SlotProducer, blocked calling the first Processor, which is currently processing messages.

So, now SlotProducer is waiting on the first Processor to ack its batch of messages. And the other two Processor processes are idle, waiting for SlotProducer to unblock. At that point, we've violated our goal of keeping CPUs saturated.

Asynchronously pushing messages

A natural reaction is to replace call/3 with fire-and-forget GenServer.cast/2. This form of sending messages does not block the caller. SlotProducer can slip a batch of messages into a Processor mailbox, then continue working. Processor will pull the batch from the mailbox when it's ready to do so:

SlotProducer, able to saturate Processors easily because it can send batches without waiting.

There's a big problem here, though: we open ourselves up to memory exhaustion. This strategy provides no back-pressure.

If the downstream push to e.g. Kafka is failing, messages will begin to accumulate in the system. Or if Postgres is sending messages into our data pipeline faster than the Processor stage can process them, messages will begin piling up in Processor mailboxes:

The ProcessorStage is overloaded with messages.

Pull-based flow with GenStage

Elixir's GenStage flips the direction: consumers demand a number of events. Producers supply at most that many:

Demand propagation

When the pipeline boots, the consumers at the end of the system (at stage N) send demand to the stage before them (stage N-1). Demand is just an integer, indicating the number of messages the stage is ready for. Demand is sent using cast/2 so that it doesn't block:

Demand propagating from the Delivery pipeline upstream to the ReorderBuffer.

As each stage receives demand, it propagates that demand up to the prior stage. Finally, that demand reaches SlotProducer. SlotProducer keeps track of the demand it has received from each consumer:

Counters for each Processor are kept by SlotProducer. Each starts at 1000.

In this example, before any messages have entered the system, SlotProducer knows the pipeline has indicated it can handle 3000 messages (1000 per Processor).

Messages flow in from the Postgres replication slot. SlotProducer fans those messages out to each Processor. Importantly, it can now cast/2 those messages, because–as we'll see–demand controls for back-pressure.
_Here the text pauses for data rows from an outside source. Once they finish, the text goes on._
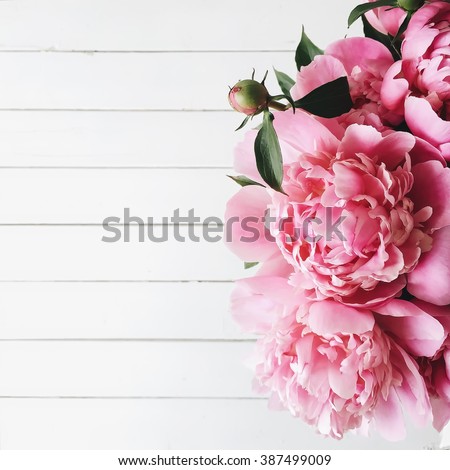 Overhead view of bouquet of pink peonies on white wooden background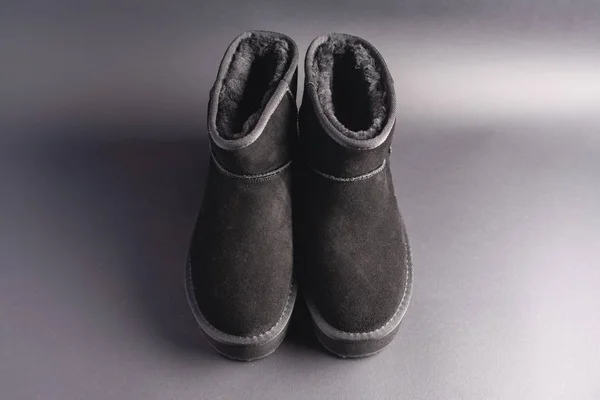 Black Suede Uggs Stock Photo Black Background — Stock Photo, Image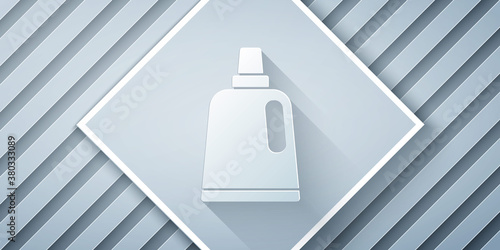 Paper cut Plastic bottle for laundry detergent, bleach, dishwashing liquid or another cleaning agent icon isolated on grey background. Paper art style. Vector.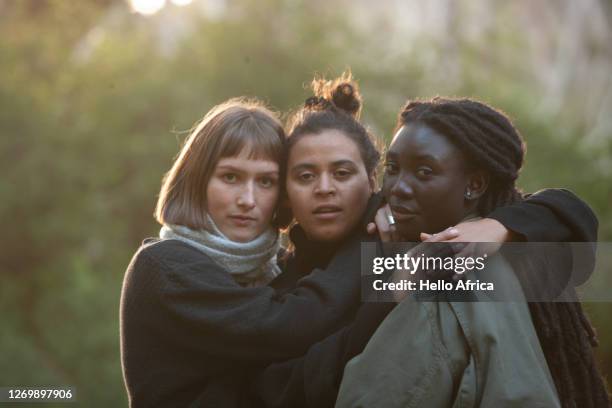 three beautiful young women embracing celebrating friendship - native african ethnicity stock pictures, royalty-free photos & images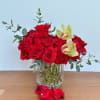 Red roses and pale orchids arranged in a clear glass vase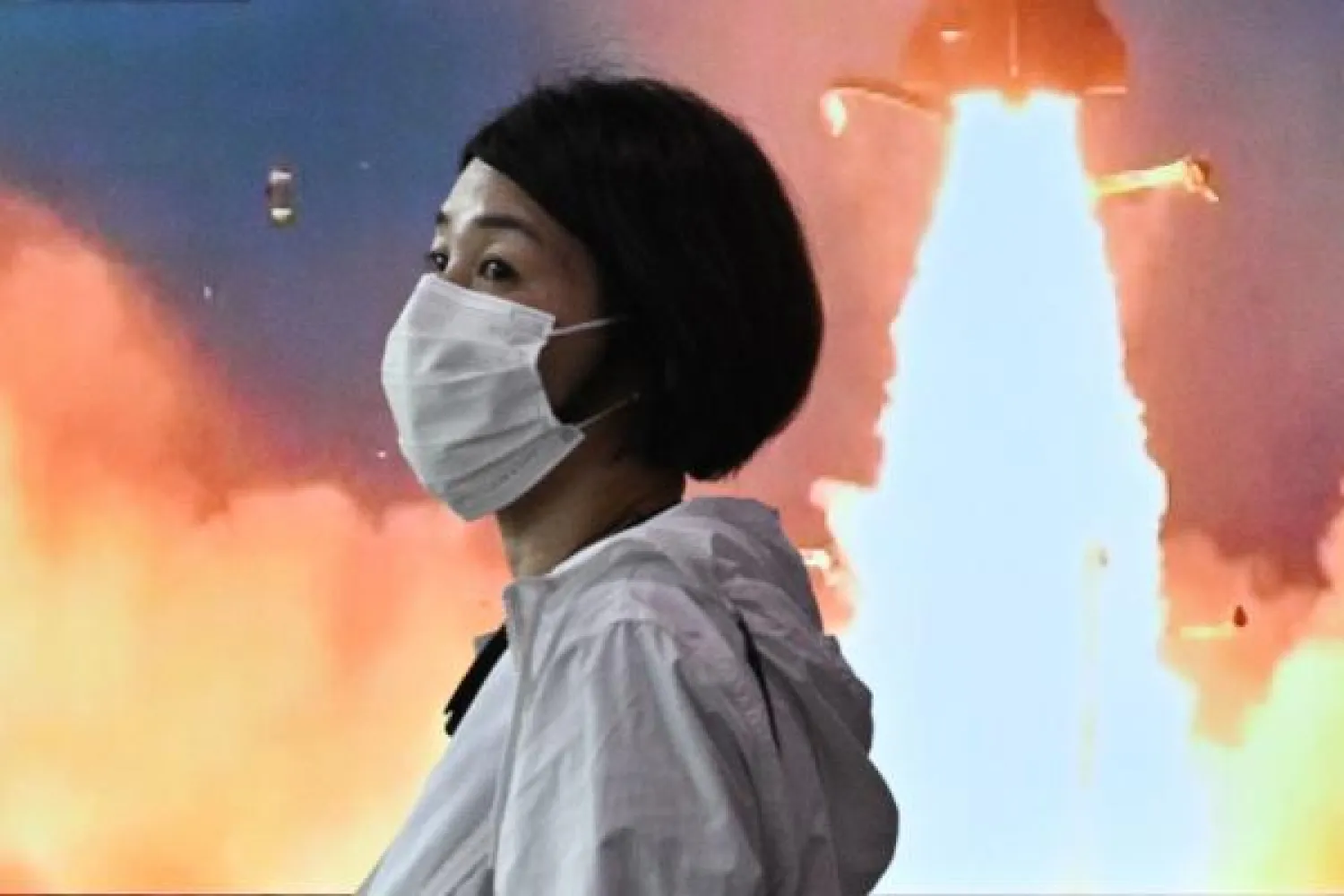 امرأة تمر بجانب شاشة في سيول تعرض صوراً عن تجاب كوريا الشمالية الصاروخية (ا.ف.ب)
As SlotProducer sends a batch of messages to a Processor, GenStage decrements that message count from the outstanding demand counter for that Processor:

Counters for each Processor are kept by SlotProducer. The counter for the first Processor has decremented to 997.
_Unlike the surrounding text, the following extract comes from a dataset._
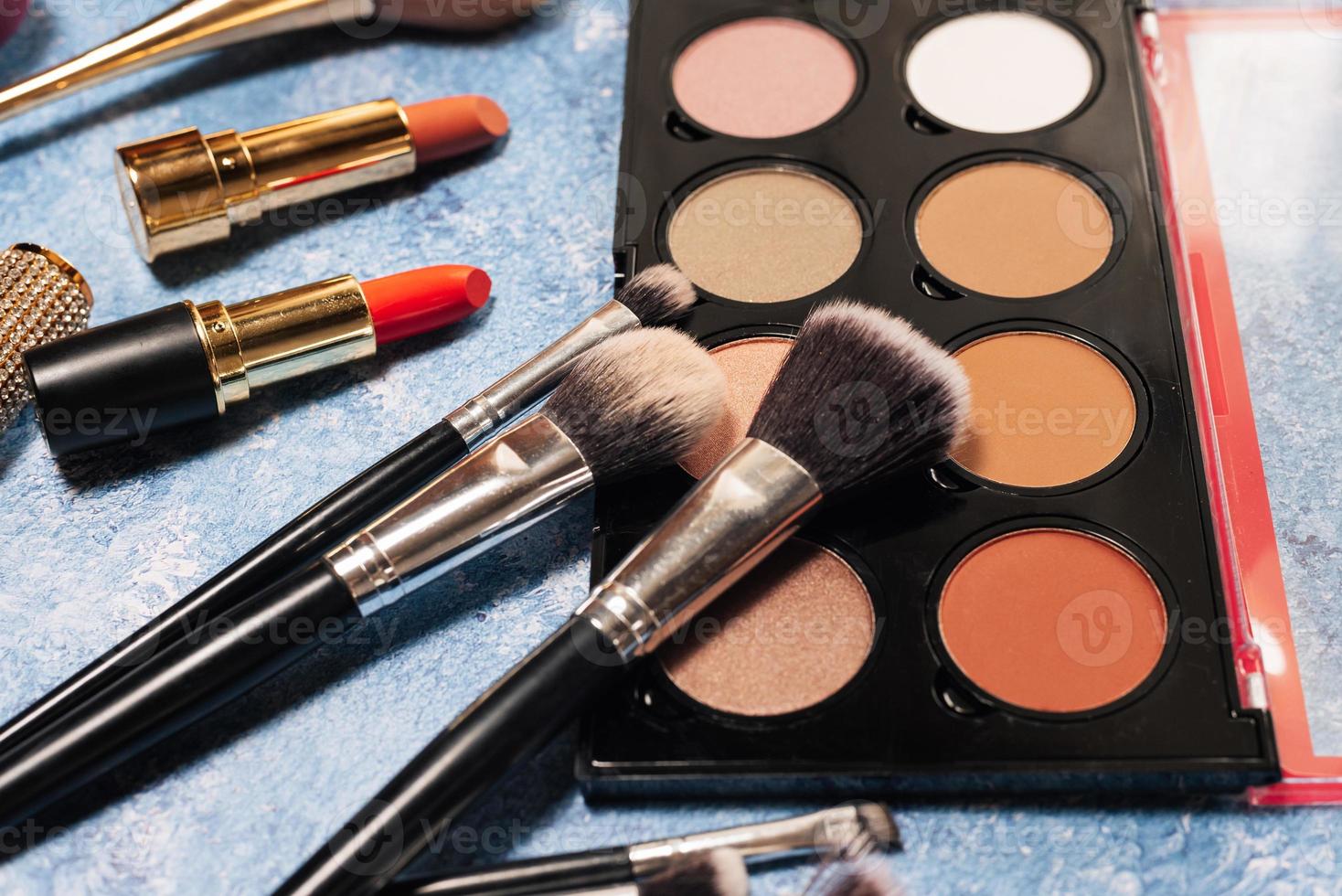 Various makeup products, brushes on blue background photo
Periodically, as the end of the pipeline chews through messages, it will send new demand upstream. This is handled for you by GenStage, as consumers process messages. That demand tops up all counters.

Handling a burst

Now, here's the important bit: let's say that a giant transaction commits to Postgres. The rate of inbound messages from Postgres skyrockets.

As the pipeline saturates, the outstanding demand for each Processor falls to 0:

Counters for each Processor has collapsed to 0 – the pipeline is saturated with messages.

At that point, SlotProducer knows that the pipeline is saturated and doesn't have any room for more messages. It can then apply back-pressure to Postgres, in the form of not reading in any more messages from the TCP socket.

This allows our pipeline to stay saturated without blowing up memory.

So, in this way, we can use cast/2 for sending messages through the pipeline, which means no waiting. And demand gives us back-pressure, ensuring that we don't overload our system.

Going further

In addition to GenStage, there's a library built on top of GenStage called Broadway. It's a tailored version GenStage pipeline specifically focused on consuming from sources like Kafka, SQS, etc.

I also recently recorded a video where I walk through the first several commits of our very own SlotProducer if you want to see an example of a real-world GenStage producer.

Thanks to GenStage, Sequin's able to provide a low-latency data pipeline out of Postgres that easily saturates cores. That means it's fast and vertically scales nicely.